Open Akker was initiated by Futurefarmers as a durational public artwork enabling a slow, reflective process of repair, resilience and reflection on our habits of landuse. In collaboration with Livia Cahn, Tijs Boelens/De Groentelaar and Didier Demorcy/Li Mestère among others, our first season awakened this plot which is now a stage for things to come.


2020-
Season Two

Open Akker continues with new collaborators.





By hand and harrow, the soil of Open Akker is prepared - a stage is set. A “collection” of twenty-five distinct varieties of peasant grains sown seed by seed by the association Li Mestère. On the same field, a “peasant” mix of wheat and rye (masteluin) is wildly scattered by De Groentelaar to make flour for ‘resistance bread’ at the nearby mill. The plot resonates with different practices, temporalities and agencies by entangling millers with soils, seeds with late medieval paintings and observations with actions.

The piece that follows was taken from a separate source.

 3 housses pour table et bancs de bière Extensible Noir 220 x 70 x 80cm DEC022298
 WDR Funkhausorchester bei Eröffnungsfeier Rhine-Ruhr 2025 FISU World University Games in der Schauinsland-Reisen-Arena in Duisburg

Derived from Old French paisent “local inhabitant” and Modern French from pais “country, region”
Late Latin pagensis “(inhabitant) of the district,” from Latin pagus “country or rural district” (see pagan).

Depicted in the medieval scenes that Brueghel painted, the figure of the peasant is neither a romantic nor a timeless figure. Although the term has been used pejoratively, it has more recently been reclaimed by people who self-define as peasants. It is used to defend an agriculture that breaks with the conventions of large-scale agriculture to work in small-scale subsistence practices. Term peasant doesn’t necessarily refer to people who farm land, it can   also encompass acts of taking care of land, of local landscapes, agro-ecological systems, traditions or living expressions inherited from our ancestors and passed on to our descendants, such as oral traditions, performing arts, social practices, rituals, festive events, knowledge and practices concerning nature and the universe or the knowledge and skills to tend to the land.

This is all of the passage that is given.